____ RECORDS PROVIDED
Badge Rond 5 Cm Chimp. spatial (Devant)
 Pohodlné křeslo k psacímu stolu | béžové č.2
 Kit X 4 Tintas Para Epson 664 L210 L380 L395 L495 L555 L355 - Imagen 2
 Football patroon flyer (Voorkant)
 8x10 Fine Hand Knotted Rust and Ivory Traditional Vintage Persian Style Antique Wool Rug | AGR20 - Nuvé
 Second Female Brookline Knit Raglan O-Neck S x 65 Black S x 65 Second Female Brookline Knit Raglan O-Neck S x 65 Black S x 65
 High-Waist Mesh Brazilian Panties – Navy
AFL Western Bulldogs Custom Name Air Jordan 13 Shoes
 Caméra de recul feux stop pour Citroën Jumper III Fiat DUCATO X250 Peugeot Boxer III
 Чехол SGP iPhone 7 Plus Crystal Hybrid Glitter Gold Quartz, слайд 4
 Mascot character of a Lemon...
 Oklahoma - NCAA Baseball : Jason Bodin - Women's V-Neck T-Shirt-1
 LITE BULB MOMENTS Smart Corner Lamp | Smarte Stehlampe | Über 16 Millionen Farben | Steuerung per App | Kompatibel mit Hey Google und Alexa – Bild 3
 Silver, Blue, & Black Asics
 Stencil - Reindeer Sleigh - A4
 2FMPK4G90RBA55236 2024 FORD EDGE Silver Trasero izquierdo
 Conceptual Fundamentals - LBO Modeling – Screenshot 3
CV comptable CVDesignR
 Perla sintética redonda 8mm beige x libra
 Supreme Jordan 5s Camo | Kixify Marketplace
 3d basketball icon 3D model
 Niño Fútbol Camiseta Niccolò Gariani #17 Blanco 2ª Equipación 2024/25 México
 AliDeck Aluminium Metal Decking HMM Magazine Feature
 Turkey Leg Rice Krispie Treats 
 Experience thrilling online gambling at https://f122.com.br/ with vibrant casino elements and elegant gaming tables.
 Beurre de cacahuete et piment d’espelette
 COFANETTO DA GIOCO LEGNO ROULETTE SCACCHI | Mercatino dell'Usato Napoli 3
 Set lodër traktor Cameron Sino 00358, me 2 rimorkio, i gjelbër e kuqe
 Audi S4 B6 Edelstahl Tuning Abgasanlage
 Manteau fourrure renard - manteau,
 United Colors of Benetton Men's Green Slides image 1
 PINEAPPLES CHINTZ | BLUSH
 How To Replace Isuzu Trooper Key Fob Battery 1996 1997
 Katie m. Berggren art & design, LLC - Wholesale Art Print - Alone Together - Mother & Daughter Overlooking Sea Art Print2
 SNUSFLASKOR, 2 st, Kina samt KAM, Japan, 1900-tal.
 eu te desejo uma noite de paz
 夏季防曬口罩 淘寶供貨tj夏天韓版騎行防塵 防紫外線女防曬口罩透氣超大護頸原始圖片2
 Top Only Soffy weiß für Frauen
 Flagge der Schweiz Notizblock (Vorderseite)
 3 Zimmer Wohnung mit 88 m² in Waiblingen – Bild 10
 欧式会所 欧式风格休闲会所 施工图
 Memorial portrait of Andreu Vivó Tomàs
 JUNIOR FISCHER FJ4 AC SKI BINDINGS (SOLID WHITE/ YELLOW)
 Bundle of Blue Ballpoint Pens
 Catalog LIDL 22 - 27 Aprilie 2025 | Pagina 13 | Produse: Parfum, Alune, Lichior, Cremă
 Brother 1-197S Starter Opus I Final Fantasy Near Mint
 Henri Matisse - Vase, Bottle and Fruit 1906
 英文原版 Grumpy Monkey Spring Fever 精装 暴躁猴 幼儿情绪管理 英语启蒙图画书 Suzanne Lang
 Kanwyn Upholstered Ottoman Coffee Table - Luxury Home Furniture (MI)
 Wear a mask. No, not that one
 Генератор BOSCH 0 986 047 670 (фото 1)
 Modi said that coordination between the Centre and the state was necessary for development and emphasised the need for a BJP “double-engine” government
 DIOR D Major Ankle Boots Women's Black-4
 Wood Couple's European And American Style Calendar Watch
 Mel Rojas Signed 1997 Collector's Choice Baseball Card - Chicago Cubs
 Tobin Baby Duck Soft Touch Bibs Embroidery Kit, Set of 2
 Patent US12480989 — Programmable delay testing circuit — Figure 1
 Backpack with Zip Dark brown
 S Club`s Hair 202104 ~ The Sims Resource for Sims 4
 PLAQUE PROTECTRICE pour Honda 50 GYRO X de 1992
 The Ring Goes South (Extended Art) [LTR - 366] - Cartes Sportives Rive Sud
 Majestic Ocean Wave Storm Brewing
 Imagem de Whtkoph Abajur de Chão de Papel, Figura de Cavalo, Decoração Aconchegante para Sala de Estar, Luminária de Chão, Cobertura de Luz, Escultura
________
In the material above, locate the line containing "Stencil - Reindeer Sleigh - A4" and the line containing "Top Only Soffy weiß für Frauen". Transcribe exactly those two lines and every line between them, and nothing more.

▶ _OUTPUT BELOW_:
 Stencil - Reindeer Sleigh - A4
 2FMPK4G90RBA55236 2024 FORD EDGE Silver Trasero izquierdo
 Conceptual Fundamentals - LBO Modeling – Screenshot 3
CV comptable CVDesignR
 Perla sintética redonda 8mm beige x libra
 Supreme Jordan 5s Camo | Kixify Marketplace
 3d basketball icon 3D model
 Niño Fútbol Camiseta Niccolò Gariani #17 Blanco 2ª Equipación 2024/25 México
 AliDeck Aluminium Metal Decking HMM Magazine Feature
 Turkey Leg Rice Krispie Treats 
 Experience thrilling online gambling at https://f122.com.br/ with vibrant casino elements and elegant gaming tables.
 Beurre de cacahuete et piment d’espelette
 COFANETTO DA GIOCO LEGNO ROULETTE SCACCHI | Mercatino dell'Usato Napoli 3
 Set lodër traktor Cameron Sino 00358, me 2 rimorkio, i gjelbër e kuqe
 Audi S4 B6 Edelstahl Tuning Abgasanlage
 Manteau fourrure renard - manteau,
 United Colors of Benetton Men's Green Slides image 1
 PINEAPPLES CHINTZ | BLUSH
 How To Replace Isuzu Trooper Key Fob Battery 1996 1997
 Katie m. Berggren art & design, LLC - Wholesale Art Print - Alone Together - Mother & Daughter Overlooking Sea Art Print2
 SNUSFLASKOR, 2 st, Kina samt KAM, Japan, 1900-tal.
 eu te desejo uma noite de paz
 夏季防曬口罩 淘寶供貨tj夏天韓版騎行防塵 防紫外線女防曬口罩透氣超大護頸原始圖片2
 Top Only Soffy weiß für Frauen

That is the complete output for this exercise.